Summary Against Modern Thought: Substance & Being vs. Matter & Form

This may be proved in three ways. The first...
This may be proved in three ways. The first…
See the first post in this series for an explanation and guide of our tour of Summa Contra Gentiles. All posts are under the category SAMT.

Previous post.

Back to basics this week, with some important links which do a better job summarizing these topics than I can do easily.

Chapter 54 That composition of substance and being is not the same as composition of matter and form (alternate translation)

1 Now composition of matter and form is not of the same nature as composition of substance and being, although both result from potentiality and act.

Notes About matter and form we have done much already.
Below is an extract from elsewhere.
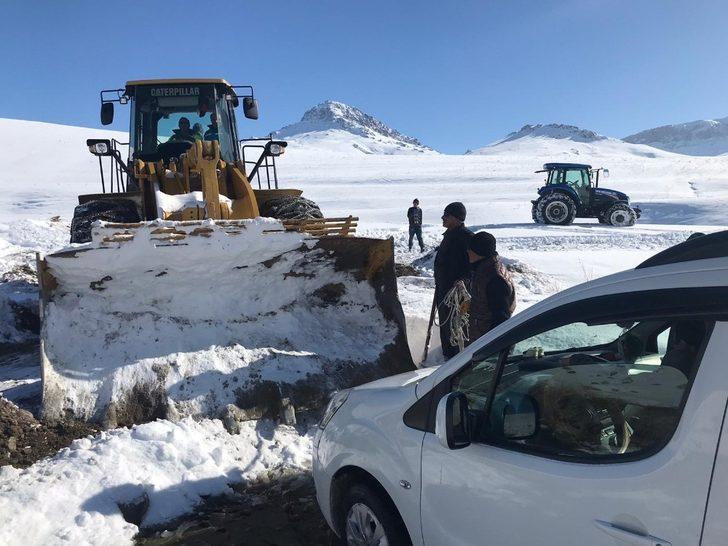 VASKİ ekibinden kar temizleme çalışmalarına tam destek G3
Substance: “signifies being as existing in and by itself, and serving as a subject or basis for accidents and accidental changes.” A piece of wood can be lying on its side, upright, painted white or plain, yet it is still a piece of wood.
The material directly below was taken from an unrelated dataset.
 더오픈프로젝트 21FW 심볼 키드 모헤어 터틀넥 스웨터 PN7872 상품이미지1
It is necessary, therefore, to recognize in each thing certain secondary realities (see ACCIDENT) and also a permanent fundamentum which continues to exist notwithstanding the superficial changes, which serves as a basis or support for the secondary realities — what, in a word, we term the substance. Its fundamental characteristic is to be in itself and by itself, and not in another subject as accidents are.

2 First, because matter is not the very substance of a thing, else it would follow that all forms are accidental, as the early natural philosophers maintained; but matter is part of the substance.

Notes There has to be permanent fixtures of form; there is something that makes all chairs chairs. Incidentally, see also nominalism.

3 Secondly, because being itself is the proper act, not of matter, but of the whole substance: for being is the act of that whereof we can say that it is. Now being is said, not of matter but of the whole. Therefore we cannot say of matter that it is, but the substance itself is that which is.

4 Thirdly, because neither is the form being itself, but they are related as things in an order: because form is compared to being as light to enlightening, or whiteness to being white.

5 Also, because being itself is compared as act even to the very form. For in things composed of matter and form, the form is said to be the principle of being, for the reason that it is the complement of substance, whose act being is: even as transparency is to the air the principle of being lightsome, in that it makes the air the proper subject of light.

6 Wherefore in things composed of matter and form, neither matter nor form, nor even being itself, can be described as that which is. Yet the form can be described as that whereby it is, or asmuch as it is the principle of being: but the whole substance is what is; and being is that whereby the substance is called a being.

Notes In being were everything, then there’d be no differentiating anything that exists.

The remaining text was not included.